Prompt
What is wanted is every line below from the one with "Całoroczny śpiworek niemowlęcy" up to and including the one with "Bohemian Plaid Aztec", retyped exactly, pictures excluded, nothing else.

┌─ Supplied information

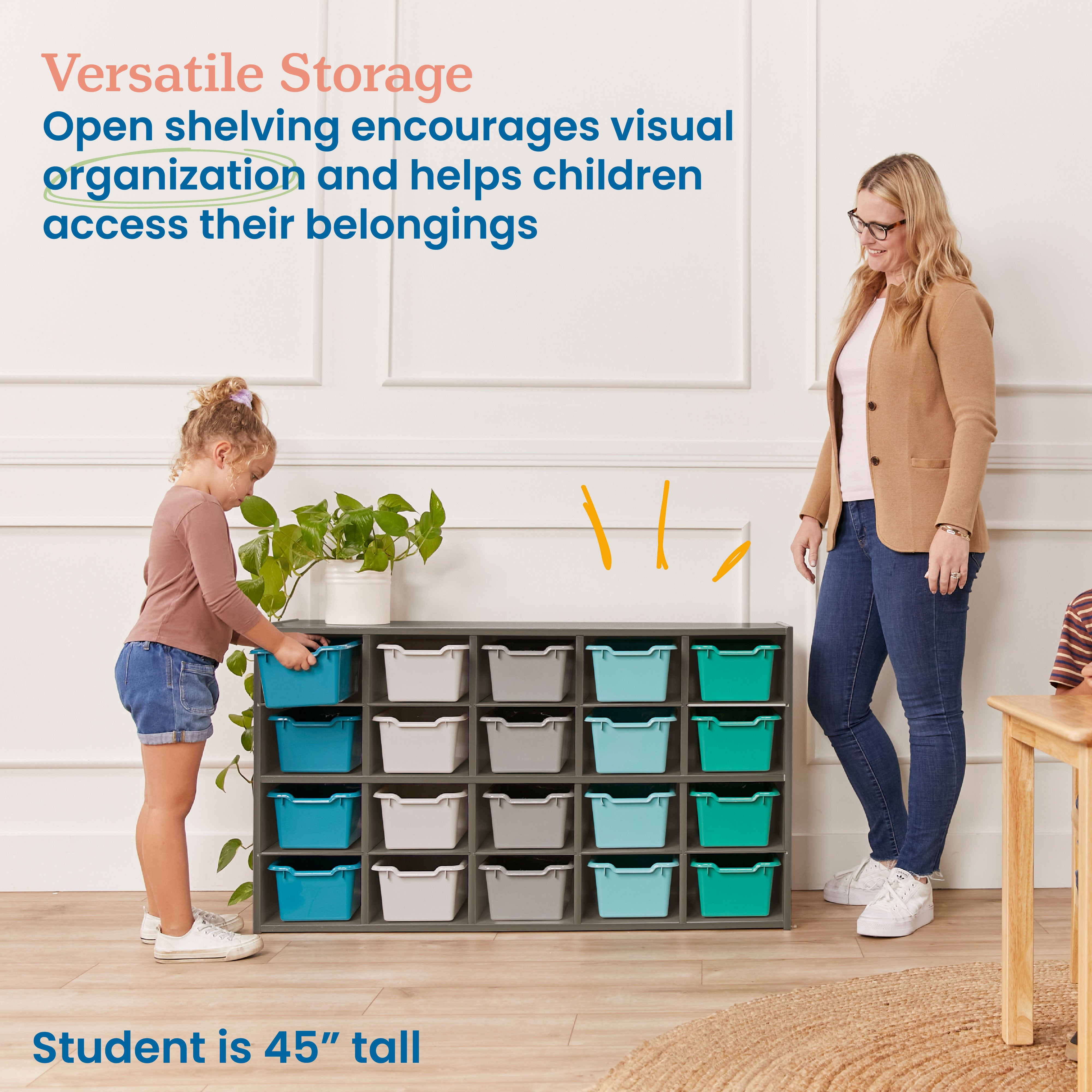 Streamline 20 Cubby Tray Cabinet with 20 Scoop Front Bins, 4x5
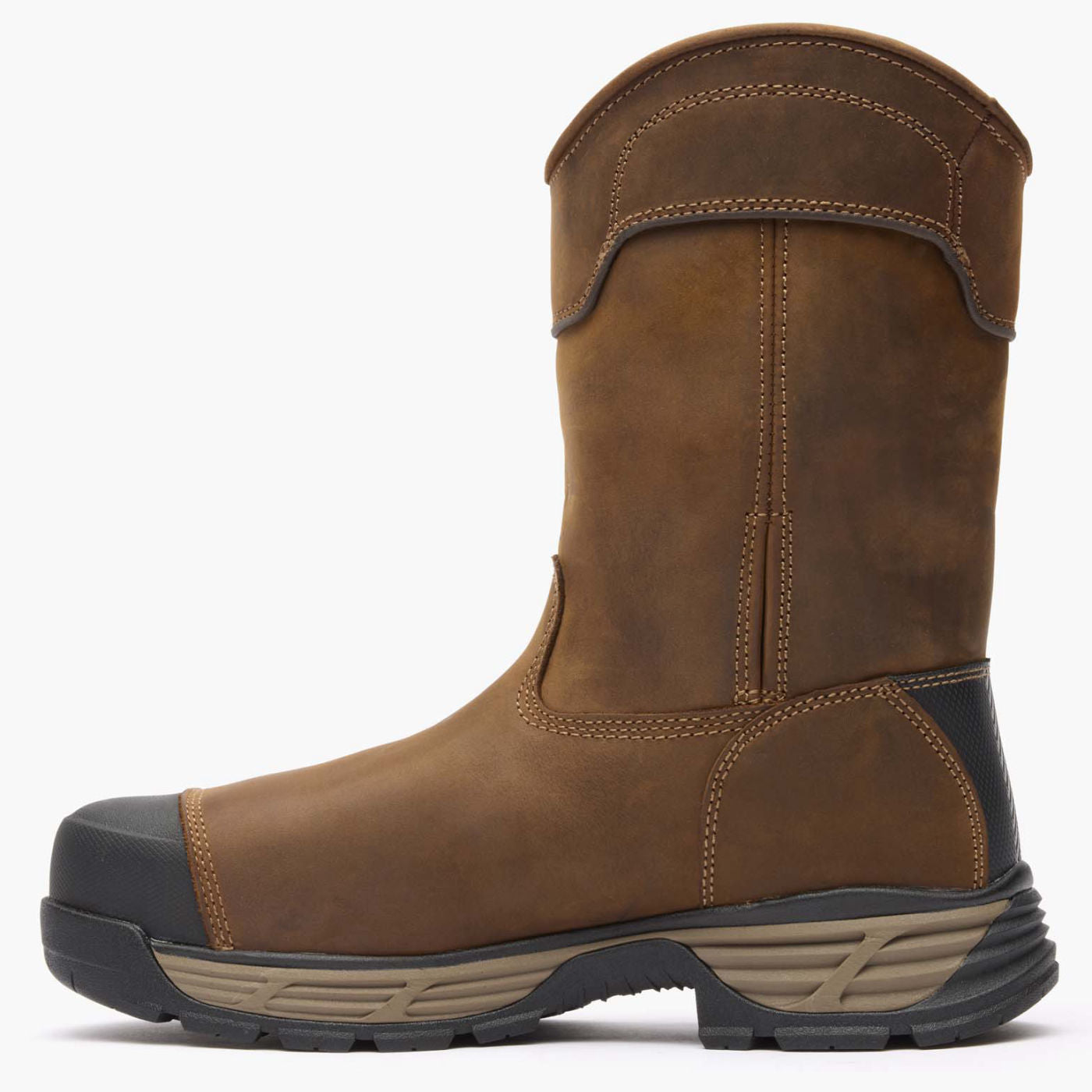 Side view of a single boot showing pull on grip on a wiite bakcground.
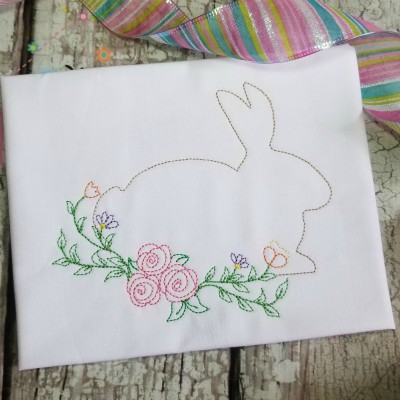 Vintage Easter Bunny with Flowers Machine Embroidery Design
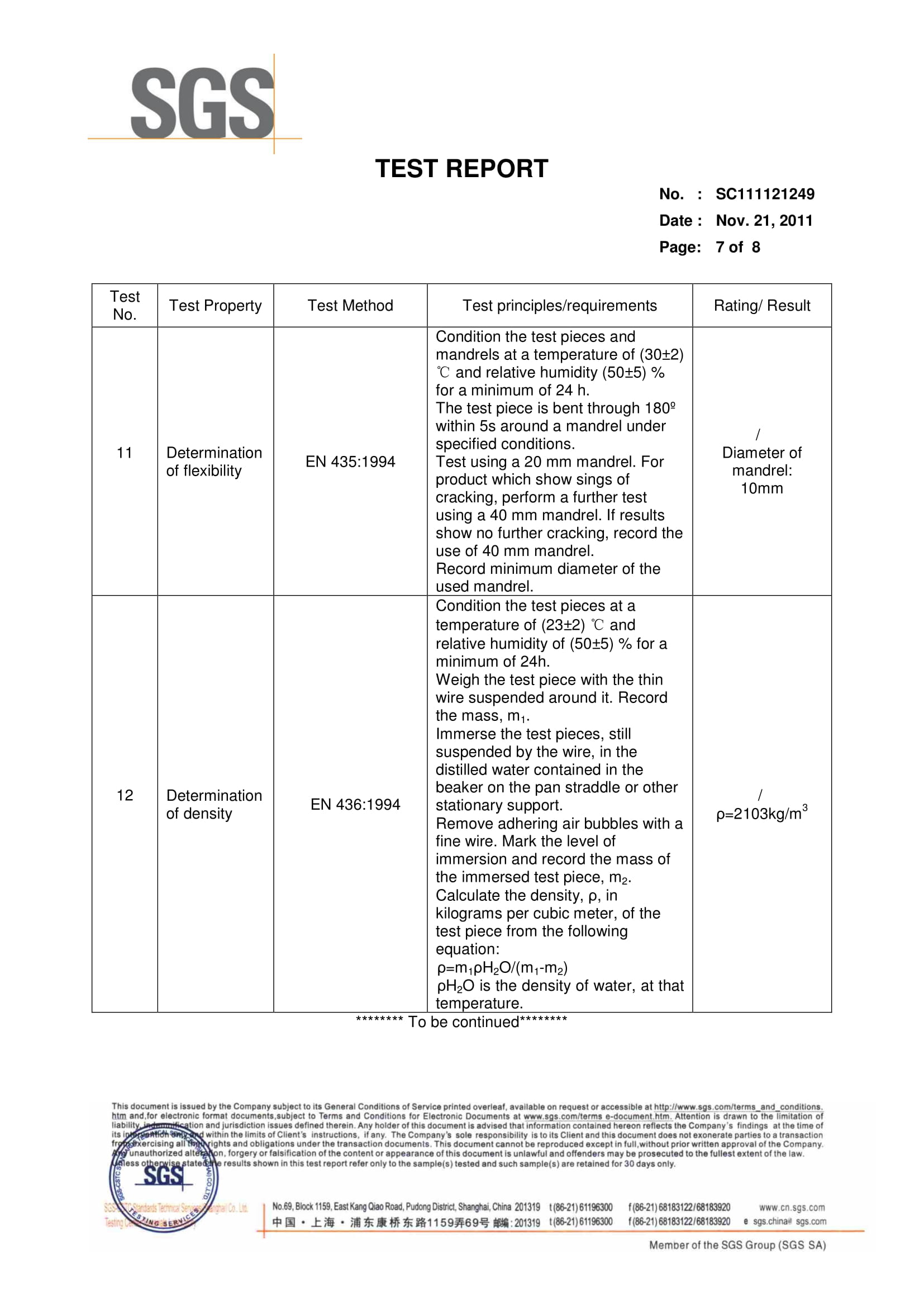 SS Floor SGS Test Report стр 7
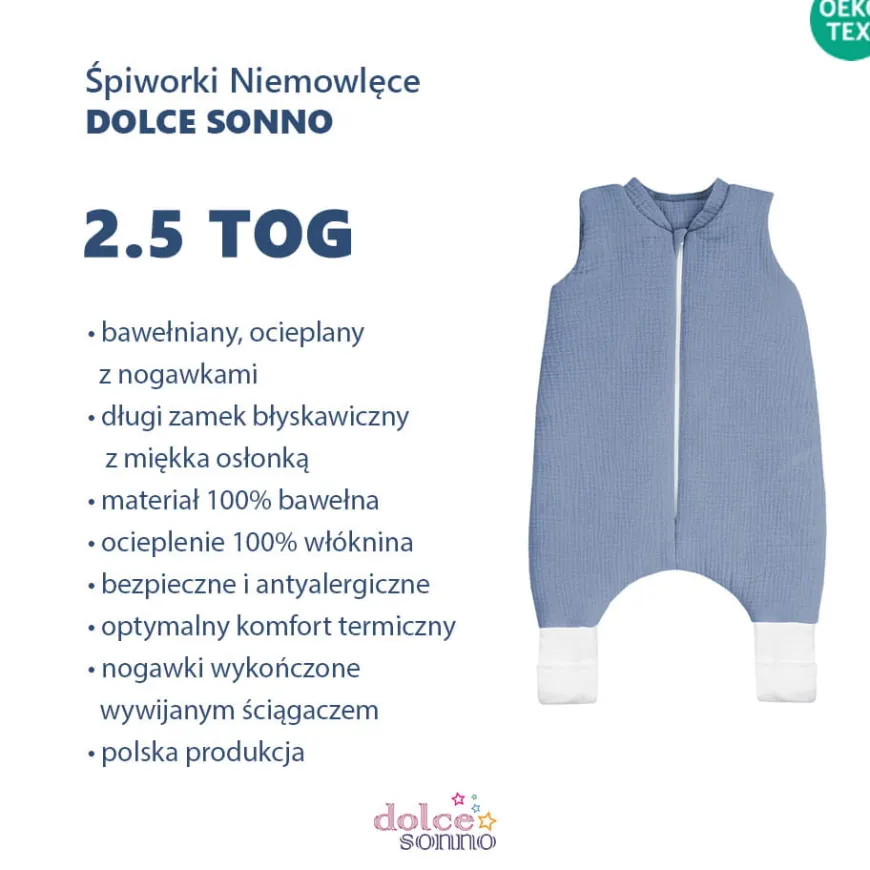 Całoroczny śpiworek niemowlęcy muślinowy Double Gauze 2,5 TOG Jeans | Dolce Sonno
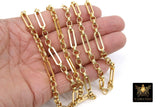 Paperclip Gold Chain, 20 mm Rectangle and 6 mm Rolo Thick Chains CH # 110, Chunky Link Drawn Oval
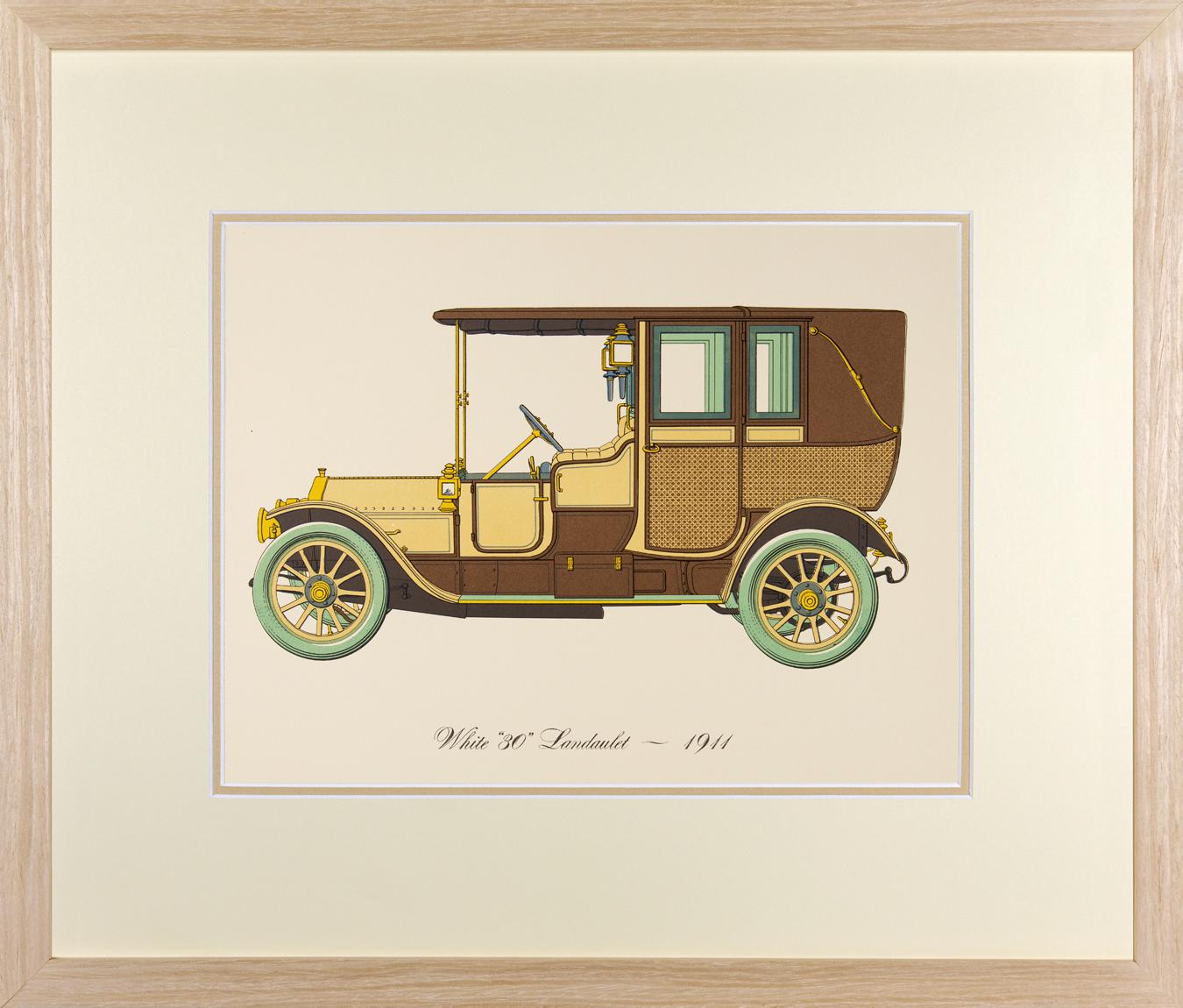 Vintage Framed Car Prints - Set of 12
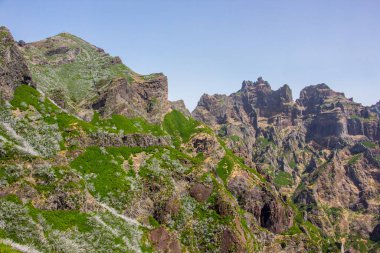 Madeira merkez dağlarında yürüyüş, güzel bir manzara, ufuk, mavi gökyüzü yolda. Muhteşem Madeira dağ manzarası, yeşil ağaçlar, küçük yapılı köyler..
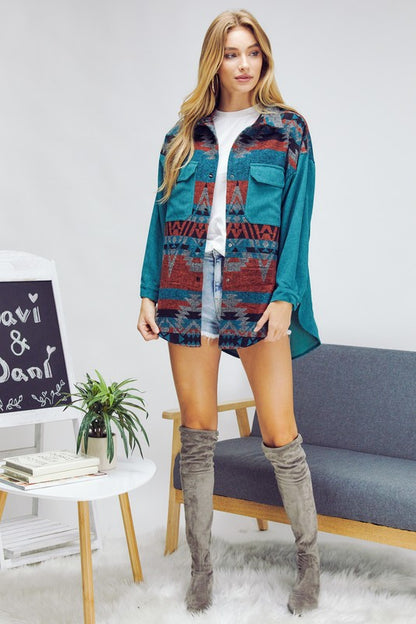 Bohemian Plaid Aztec Printed Button Down Long Sleeve Shirt Jacket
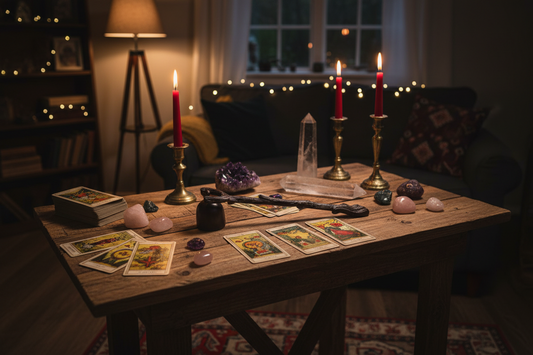 Witchcraft setup with candles, crystals, and tarot cards on a wooden table.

└─

Answer space
 Całoroczny śpiworek niemowlęcy muślinowy Double Gauze 2,5 TOG Jeans | Dolce Sonno
 Paperclip Gold Chain, 20 mm Rectangle and 6 mm Rolo Thick Chains CH # 110, Chunky Link Drawn Oval
 Vintage Framed Car Prints - Set of 12
 Madeira merkez dağlarında yürüyüş, güzel bir manzara, ufuk, mavi gökyüzü yolda. Muhteşem Madeira dağ manzarası, yeşil ağaçlar, küçük yapılı köyler..
 Bohemian Plaid Aztec Printed Button Down Long Sleeve Shirt Jacket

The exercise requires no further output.